- **What is expected**: From the entries below, reproduce exactly the line containing "Original French WW2", the line containing "Како да се исушат", and every line in between, with nothing added.

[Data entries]
BEGIN

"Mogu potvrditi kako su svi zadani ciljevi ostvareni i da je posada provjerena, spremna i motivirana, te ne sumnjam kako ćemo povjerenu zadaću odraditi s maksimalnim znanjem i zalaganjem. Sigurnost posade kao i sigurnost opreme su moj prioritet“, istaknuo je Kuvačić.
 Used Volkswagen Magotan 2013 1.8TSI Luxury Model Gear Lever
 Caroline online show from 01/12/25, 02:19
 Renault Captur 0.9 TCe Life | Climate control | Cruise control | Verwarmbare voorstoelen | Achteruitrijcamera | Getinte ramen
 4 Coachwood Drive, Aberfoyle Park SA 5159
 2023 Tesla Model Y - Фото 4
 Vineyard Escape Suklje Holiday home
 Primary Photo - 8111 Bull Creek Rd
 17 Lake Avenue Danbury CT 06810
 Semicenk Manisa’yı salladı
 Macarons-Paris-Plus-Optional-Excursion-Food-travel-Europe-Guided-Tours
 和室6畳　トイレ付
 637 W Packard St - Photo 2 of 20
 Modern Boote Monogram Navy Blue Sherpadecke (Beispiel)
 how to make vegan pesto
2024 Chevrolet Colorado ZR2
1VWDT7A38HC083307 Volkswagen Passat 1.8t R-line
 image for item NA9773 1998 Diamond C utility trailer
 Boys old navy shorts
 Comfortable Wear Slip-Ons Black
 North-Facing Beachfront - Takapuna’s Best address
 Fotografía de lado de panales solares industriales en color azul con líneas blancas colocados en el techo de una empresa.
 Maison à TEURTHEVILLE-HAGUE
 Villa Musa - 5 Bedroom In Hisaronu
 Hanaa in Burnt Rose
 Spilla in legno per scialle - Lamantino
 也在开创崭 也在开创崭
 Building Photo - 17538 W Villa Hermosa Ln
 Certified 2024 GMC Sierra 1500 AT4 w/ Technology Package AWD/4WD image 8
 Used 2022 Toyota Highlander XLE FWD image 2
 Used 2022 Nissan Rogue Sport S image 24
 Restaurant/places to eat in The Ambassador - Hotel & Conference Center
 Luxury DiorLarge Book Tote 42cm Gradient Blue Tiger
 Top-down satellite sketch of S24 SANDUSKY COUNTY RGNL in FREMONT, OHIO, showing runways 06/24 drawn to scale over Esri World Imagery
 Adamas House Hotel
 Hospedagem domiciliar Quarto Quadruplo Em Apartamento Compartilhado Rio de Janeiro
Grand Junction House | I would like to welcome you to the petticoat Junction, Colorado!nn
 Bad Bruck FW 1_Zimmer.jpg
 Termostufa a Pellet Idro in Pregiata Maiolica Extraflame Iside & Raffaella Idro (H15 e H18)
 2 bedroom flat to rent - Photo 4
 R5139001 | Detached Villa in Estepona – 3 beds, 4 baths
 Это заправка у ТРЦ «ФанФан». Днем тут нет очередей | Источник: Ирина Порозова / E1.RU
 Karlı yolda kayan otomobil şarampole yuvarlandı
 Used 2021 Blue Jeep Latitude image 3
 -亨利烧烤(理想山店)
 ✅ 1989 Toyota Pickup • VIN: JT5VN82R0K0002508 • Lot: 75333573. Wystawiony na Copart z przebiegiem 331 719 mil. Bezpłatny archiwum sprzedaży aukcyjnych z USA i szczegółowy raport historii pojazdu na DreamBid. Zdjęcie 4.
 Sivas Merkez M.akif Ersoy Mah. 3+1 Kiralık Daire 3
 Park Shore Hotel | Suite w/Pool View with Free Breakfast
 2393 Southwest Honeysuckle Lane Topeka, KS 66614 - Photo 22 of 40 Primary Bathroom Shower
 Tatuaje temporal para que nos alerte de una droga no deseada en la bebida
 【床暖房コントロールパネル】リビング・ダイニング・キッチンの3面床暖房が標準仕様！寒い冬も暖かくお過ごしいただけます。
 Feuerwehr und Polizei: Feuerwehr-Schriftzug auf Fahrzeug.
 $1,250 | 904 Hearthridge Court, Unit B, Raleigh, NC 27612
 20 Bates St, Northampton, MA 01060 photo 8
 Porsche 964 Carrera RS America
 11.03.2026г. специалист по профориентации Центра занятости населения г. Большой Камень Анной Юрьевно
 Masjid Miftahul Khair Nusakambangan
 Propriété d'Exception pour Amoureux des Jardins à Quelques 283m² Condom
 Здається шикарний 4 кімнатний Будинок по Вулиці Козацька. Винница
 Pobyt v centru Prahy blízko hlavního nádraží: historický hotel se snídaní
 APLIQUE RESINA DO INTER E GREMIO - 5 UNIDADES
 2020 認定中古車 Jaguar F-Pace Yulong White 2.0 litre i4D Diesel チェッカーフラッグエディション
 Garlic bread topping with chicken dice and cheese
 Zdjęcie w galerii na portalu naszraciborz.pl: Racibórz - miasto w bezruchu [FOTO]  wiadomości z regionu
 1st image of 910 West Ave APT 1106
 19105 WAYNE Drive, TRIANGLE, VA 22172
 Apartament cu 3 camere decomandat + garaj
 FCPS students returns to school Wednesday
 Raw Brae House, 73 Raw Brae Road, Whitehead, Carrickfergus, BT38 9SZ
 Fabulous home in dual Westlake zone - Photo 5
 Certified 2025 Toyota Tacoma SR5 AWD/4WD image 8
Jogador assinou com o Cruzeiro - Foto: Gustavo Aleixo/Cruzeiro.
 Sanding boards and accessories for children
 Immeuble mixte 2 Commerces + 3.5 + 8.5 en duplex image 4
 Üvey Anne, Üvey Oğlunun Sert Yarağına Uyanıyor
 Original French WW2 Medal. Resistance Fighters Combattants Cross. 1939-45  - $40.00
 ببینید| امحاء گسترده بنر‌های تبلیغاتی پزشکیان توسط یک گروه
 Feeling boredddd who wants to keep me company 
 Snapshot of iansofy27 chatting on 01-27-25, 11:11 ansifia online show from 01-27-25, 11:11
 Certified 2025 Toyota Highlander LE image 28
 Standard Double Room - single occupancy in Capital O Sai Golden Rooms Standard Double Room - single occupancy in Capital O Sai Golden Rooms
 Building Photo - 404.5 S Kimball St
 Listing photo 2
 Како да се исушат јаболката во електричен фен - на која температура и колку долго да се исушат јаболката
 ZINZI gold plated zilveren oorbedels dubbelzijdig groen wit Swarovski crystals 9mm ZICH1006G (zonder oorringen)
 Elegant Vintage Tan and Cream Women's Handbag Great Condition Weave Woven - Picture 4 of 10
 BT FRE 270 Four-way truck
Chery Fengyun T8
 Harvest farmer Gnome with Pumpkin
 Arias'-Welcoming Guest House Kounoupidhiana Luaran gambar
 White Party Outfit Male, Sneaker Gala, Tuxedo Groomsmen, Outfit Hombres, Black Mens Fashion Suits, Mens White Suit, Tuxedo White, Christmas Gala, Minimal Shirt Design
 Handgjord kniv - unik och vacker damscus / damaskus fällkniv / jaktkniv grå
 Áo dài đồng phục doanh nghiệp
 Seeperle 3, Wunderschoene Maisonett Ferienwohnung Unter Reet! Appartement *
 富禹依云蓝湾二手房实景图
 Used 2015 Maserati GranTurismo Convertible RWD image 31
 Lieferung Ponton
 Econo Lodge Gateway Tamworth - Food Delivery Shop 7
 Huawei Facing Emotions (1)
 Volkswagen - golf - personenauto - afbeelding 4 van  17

END

- **Solved exercise**:
 Original French WW2 Medal. Resistance Fighters Combattants Cross. 1939-45  - $40.00
 ببینید| امحاء گسترده بنر‌های تبلیغاتی پزشکیان توسط یک گروه
 Feeling boredddd who wants to keep me company 
 Snapshot of iansofy27 chatting on 01-27-25, 11:11 ansifia online show from 01-27-25, 11:11
 Certified 2025 Toyota Highlander LE image 28
 Standard Double Room - single occupancy in Capital O Sai Golden Rooms Standard Double Room - single occupancy in Capital O Sai Golden Rooms
 Building Photo - 404.5 S Kimball St
 Listing photo 2
 Како да се исушат јаболката во електричен фен - на која температура и колку долго да се исушат јаболката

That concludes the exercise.